INPUT DATA:

******************************

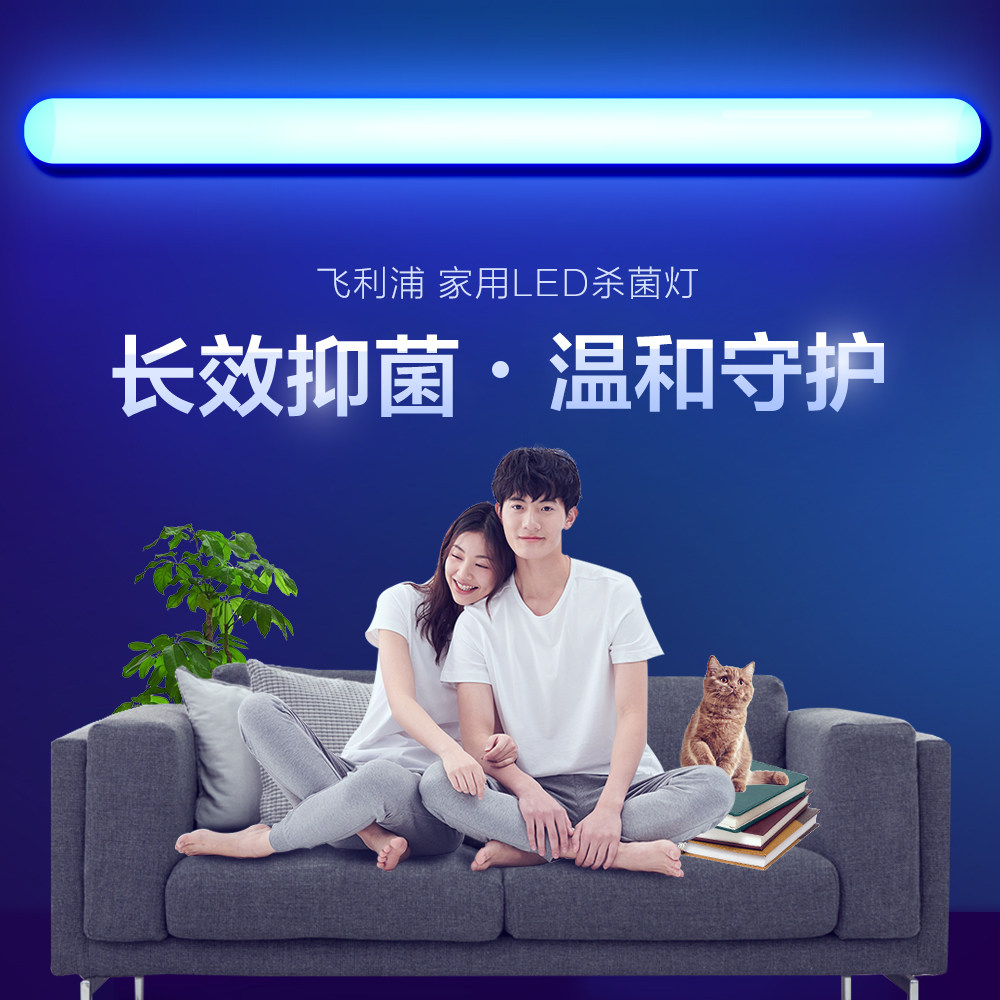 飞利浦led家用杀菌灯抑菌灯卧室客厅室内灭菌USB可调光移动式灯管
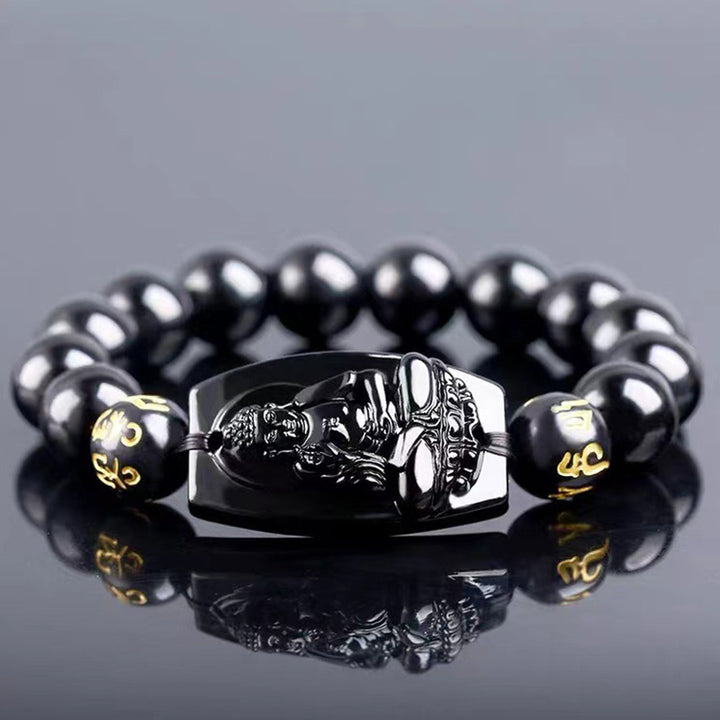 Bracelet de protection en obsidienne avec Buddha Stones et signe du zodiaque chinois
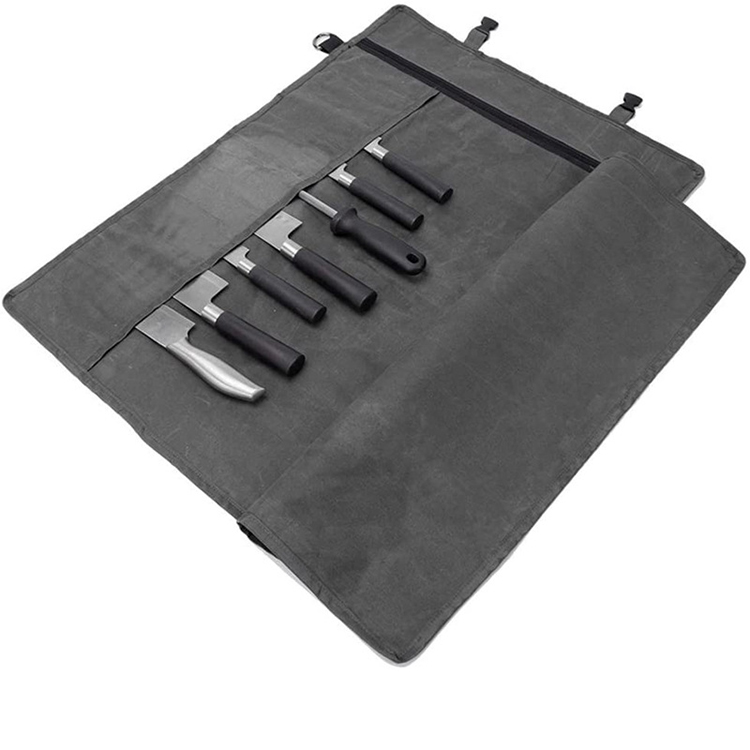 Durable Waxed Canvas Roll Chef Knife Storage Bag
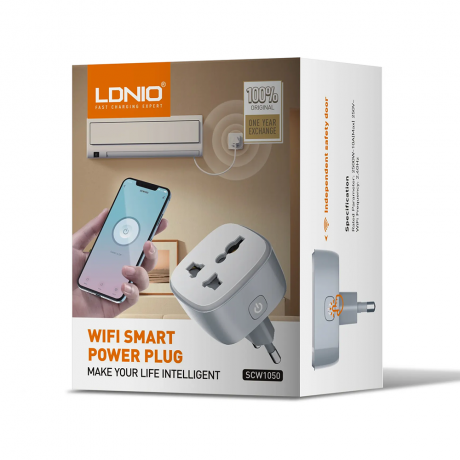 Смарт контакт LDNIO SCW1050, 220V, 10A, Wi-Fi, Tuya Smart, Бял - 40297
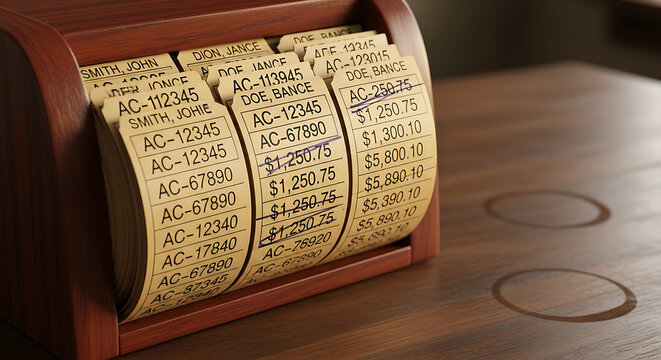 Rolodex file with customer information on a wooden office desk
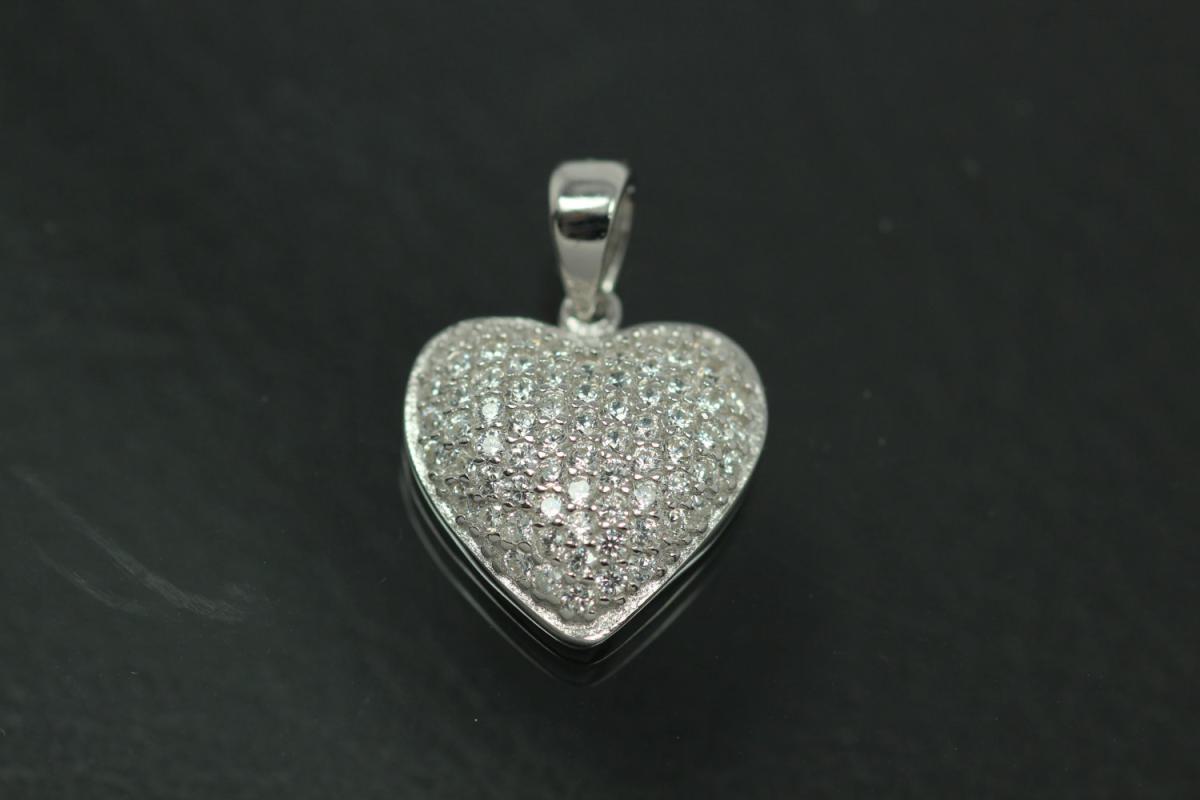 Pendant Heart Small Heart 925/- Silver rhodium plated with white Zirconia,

******************************

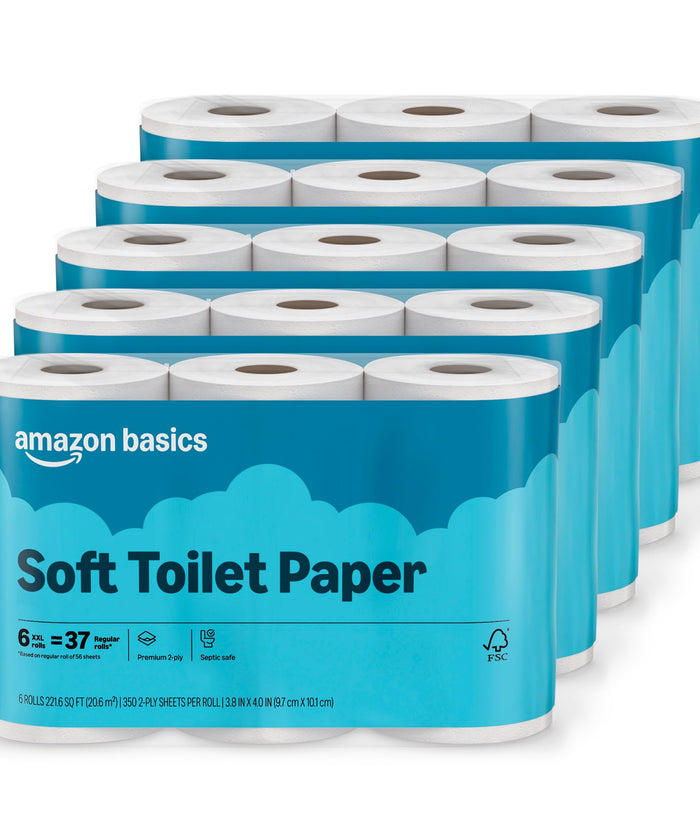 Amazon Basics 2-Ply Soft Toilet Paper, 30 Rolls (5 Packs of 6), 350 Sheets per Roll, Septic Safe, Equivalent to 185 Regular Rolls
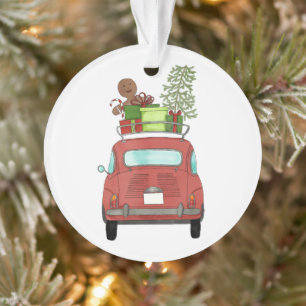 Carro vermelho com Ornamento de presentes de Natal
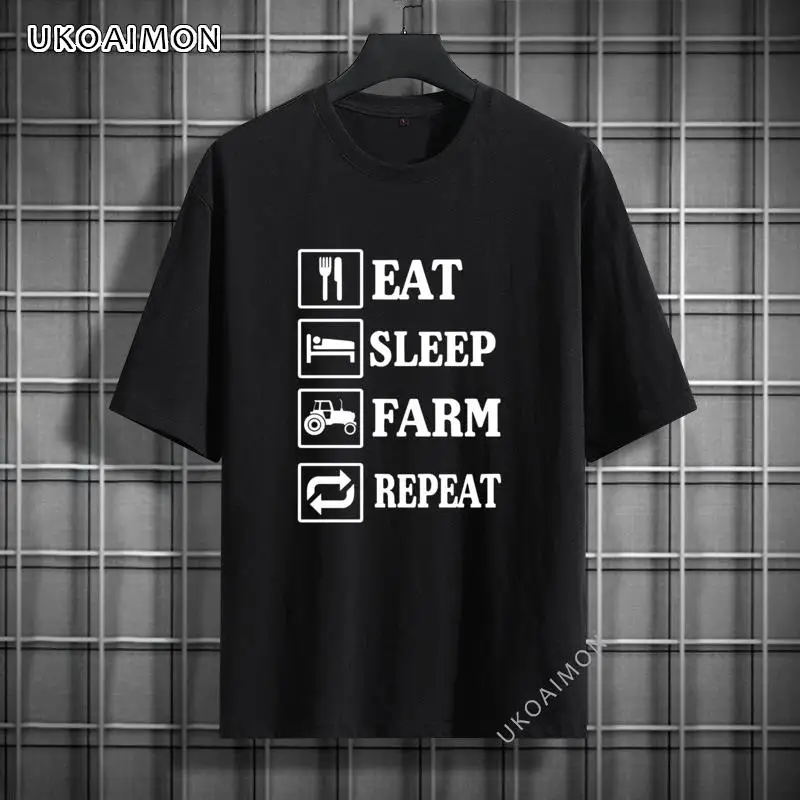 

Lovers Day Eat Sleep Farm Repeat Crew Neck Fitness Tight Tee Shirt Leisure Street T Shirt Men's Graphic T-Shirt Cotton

******************************

EXERCISE: With the pictures omitted, restate word for word the lines above from the line that has "Carro vermelho com" up to and including the line that has "Lovers Day Eat", and no other lines.

WRITTEN ANSWER:
 Carro vermelho com Ornamento de presentes de Natal

Lovers Day Eat Sleep Farm Repeat Crew Neck Fitness Tight Tee Shirt Leisure Street T Shirt Men's Graphic T-Shirt Cotton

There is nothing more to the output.